Richard Sanderson – Reality (1980)
Ich weiß, es passt nicht ganz, aber ich assoziiere dieses Lied immer mit "La Boum 2" (ist eigentlich ja aus Teil 1) und dieser Film hat für mich eine besondere Bedeutung. Da ich damals in ein Mädchen verliebt war, das (gefühlt) große Ähnlichkeit hatte mit Sophie Marceau und ihr Freund (gefühlt) große Ähnlichkeit mit Pierre Cosso hat mich tatsächlich der Liebeskummer ein oder zwei Tage krank werden lassen, nachdem ich diesen Film gesehen habe.
Die Doraus und die Marinas – Fred vom Jupiter (1981)

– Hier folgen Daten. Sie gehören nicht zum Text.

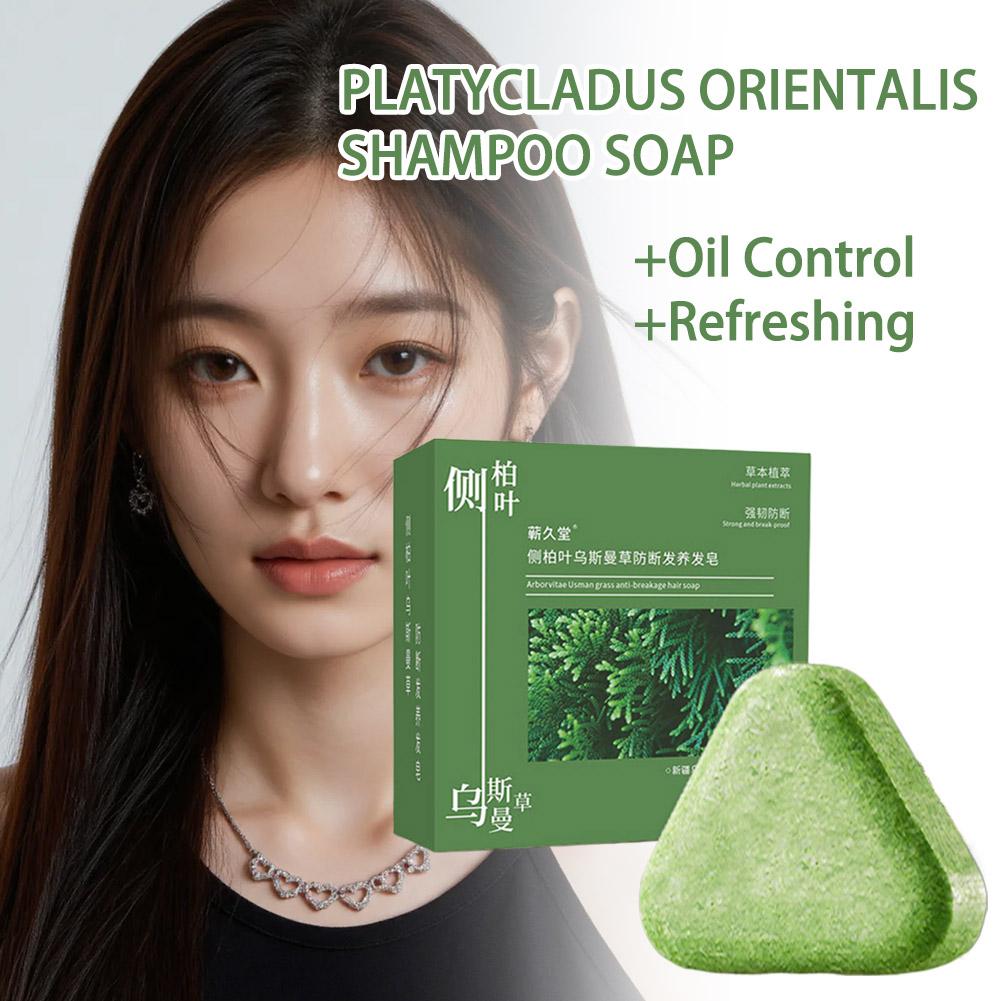 Platycladus Orientalis Leaf Sh - Hair Care Herbal Products recensione e prezzo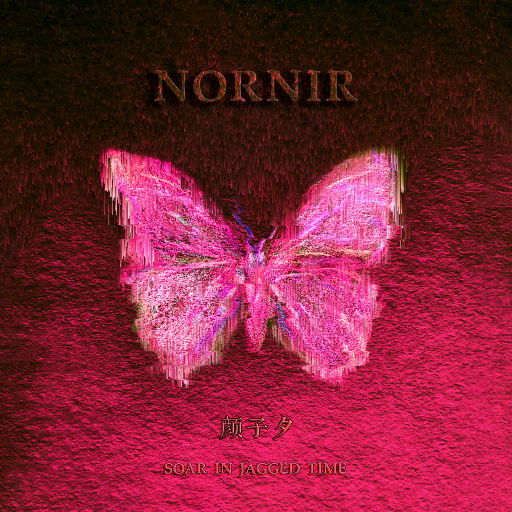 国产在线综合免费视频
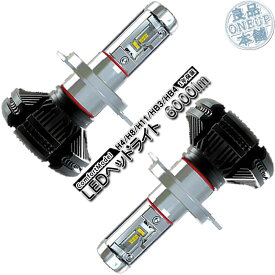 LEDヘッドライト / LEDフォグランプ H4 (Hi/Lo) / H8 / H11 / HB3 / HB4 車検対応 6000ルーメン 12V車 / 24V車 対応 高性能 ファンレス タイプ 3000K/6500K/8000K変更可能 【10日間全額返金保証】 【1年保証】 【Comfort Model】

Dieses Lied habe ich sicher nicht bei seinem Erscheinen gehört, eher ein paar Jahre später. Der Text ist sicherlich sehr albern und man merkt es dem Lied an, dass es während einer Schüler-Projektwoche entstanden ist.
Trotzdem läutete dieser Titel gewissermaßen meine Pubertät ein. (Ich mache hier lieber keine genaueren Angaben ...)
America – The Last Unicorn (1982)
Als der Film "Das letzte Einhorn" in die Kinos kam, war ich definitiv zu jung, um ihn komplett würdigen zu können. Der Soundtrack aber hat mich glaub ich von Anfang an nicht mehr losgelassen.
Nena – Leuchtturm (1983)
Ich selbst habe glaube ich in meiner Jugend nie eine Nena-Platte besessen. Dieses Lied blieb dennoch fest in meiner Erinnerung verwachsen ein eines der schönsten NDW-Lieder. Leider enthält der Text einen Logikfehler: Wenn ein U-Boot Nena und ihren Liebsten von der Insel holt und der Liebste der Kapitän des U-Boots ist, wer hat dann das U-Boot auf dem Weg zu den beiden befehligt.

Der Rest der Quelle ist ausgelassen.